Researchers at Berkeley and Oak Ridge Labs Test a Multi-element High-Entropy Alloy with Surprising Results
A new concept in metallic alloy design – called “high‐entropy alloys” – has yielded a multiple-element material that not only tests out as one of the toughest on record, but, unlike most materials, the toughness as well as the strength and ductility of this alloy actually improves at cryogenic temperatures. This multi-element alloy was synthesized and tested through a collaboration of researchers at the U.S. Department of Energy (DOE)’s Lawrence Berkeley and Oak Ridge National Laboratories (Berkeley Lab and ORNL).
“We examined CrMnFeCoNi, a high‐entropy alloy that contains five major elements rather than one dominant one,” says Robert Ritchie, a materials scientist with Berkeley Lab’s Materials Sciences Division. “Our tests showed that despite containing multiple elements with different crystal structures, this alloy crystalizes as a single phase, face‐centered cubic solid with exceptional damage tolerance, tensile strength above one gigapascal, and fracture toughness values that are off the charts, exceeding that of virtually all other metallic alloys.”
Ritchie is the corresponding author along with ORNL’s Easo George of a paper in Science describing this research. The paper is titled “A fracture resistant high‐entropy alloy for cryogenic applications.” Co-authors are Bernd Gludovatz, Anton Hohenwarter, DhirajCatoor and Edwin Chang.
The tradition of mixing two metals together to create an alloy that possesses properties its constituent elements individually lack goes back thousands of years. In the 4th millennium BC, people began adding tin, a hard metal, to copper, a soft and relatively easy to work metal, to produce bronze, an alloy much stronger than copper. It was later discovered that adding carbon to iron yields the much stronger steel, and the addition of nickel and chromium to the mix yields steel that resists corrosion. Traditional alloys invariably feature a single dominant constituent with minor elements mixed in, and often rely on the presence of a second phase for mechanical performance.
“High‐entropy alloys represent a radical departure from tradition,” Ritchie says, “in that they do not derive their properties from a single dominant constituent or from a second phase.

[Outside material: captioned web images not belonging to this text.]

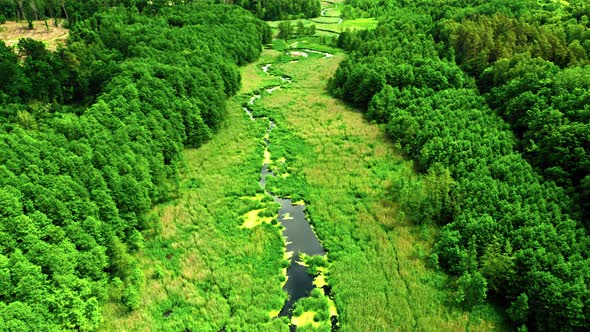 Flying above green swamp and river in spring, Poland
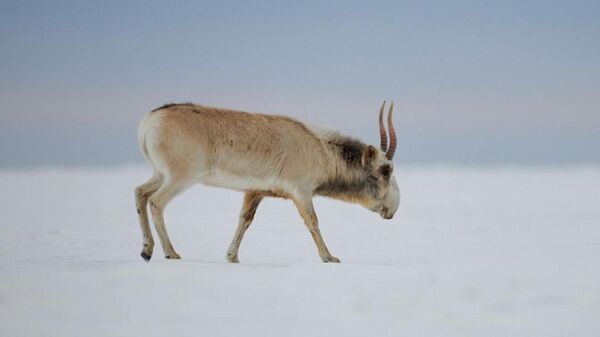 ����: ru.sputniknews.kz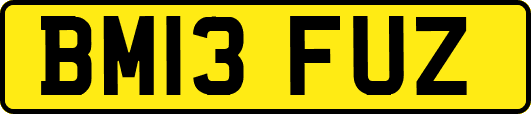BM13FUZ
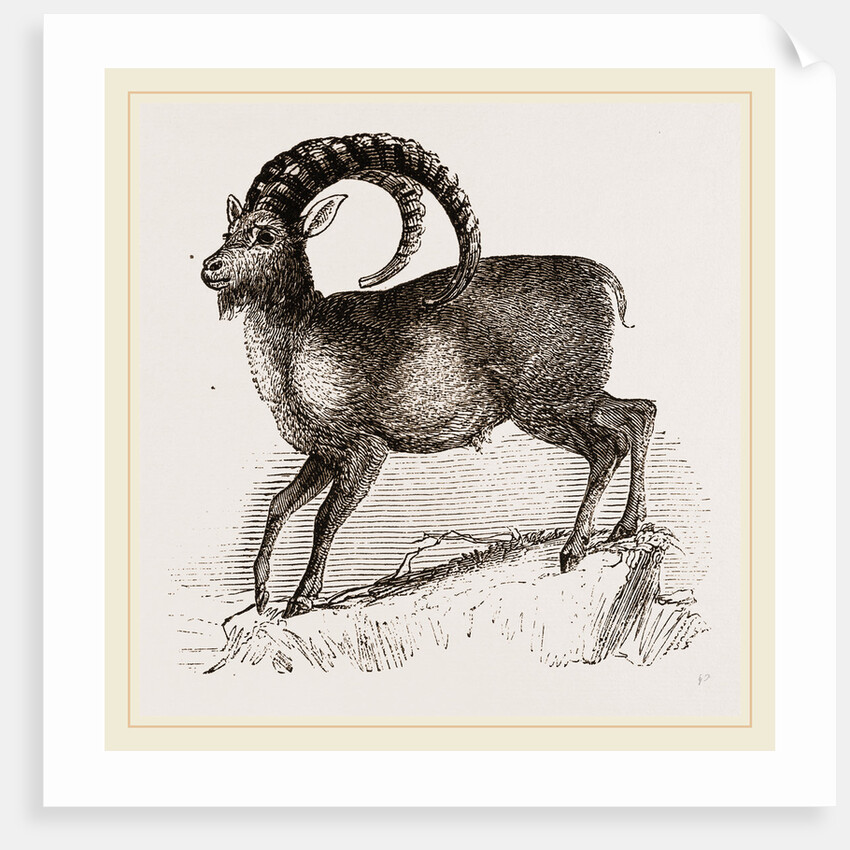 Ibex by Anonymous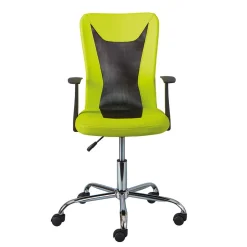 Design Bürostuhl in Hellgrün & Schwarz - Next^Wohnen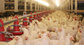 Automatic poultry farm equipment for chicken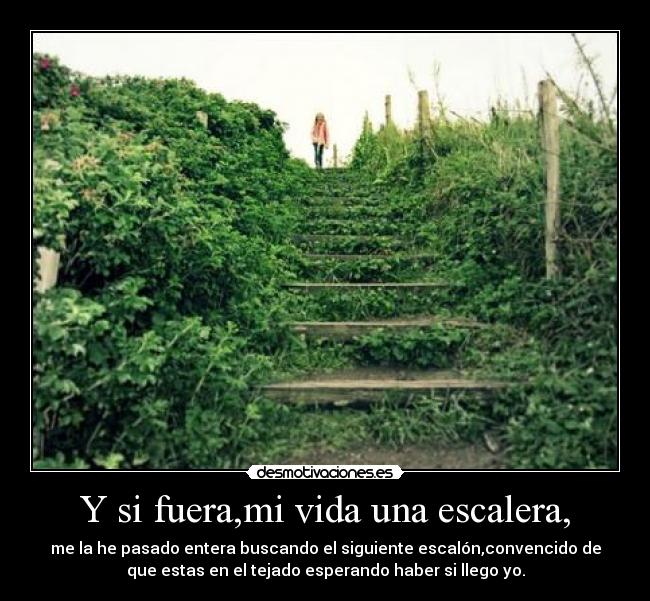 Y si fuera,mi vida una escalera, -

The idea behind this concept is that configurational entropy increases with the number of alloying elements, counteracting the propensity for compound formation and stabilizing these alloys into a single phase like a pure metal.”
Although high‐entropy alloys have been around for more than a decade, it has only been recently that the quality of these alloys has been sufficient for scientific study. George and his research group at ORNL combined high‐purity elemental starting materials with an arc-melting and drop-casting process to produce high quality samples of CrMnFeCoNi (chromium, manganese, iron, cobalt and nickel) in sheets roughly 10 millimeters thick. After characterizing these samples for tensile properties and microstructure, the ORNL team sent them to Ritchie and his research group for fracture and toughness characterization.
Ritchie, who holds the H. T. and Jessie Chua Distinguished Professor of Engineering chair at the University of California (UC) Berkeley, is an internationally recognized authority on the mechanical behavior of materials.
“As high entropy alloys are single phase, we reasoned that they would be ideal for cryogenic applications, such as storage tanks for liquefied natural gas, hydrogen and oxygen,” he says. “Our work is the first in-depth study that characterizes the fracture toughness properties of this class of alloys, and lo and behold, they are spectacular!”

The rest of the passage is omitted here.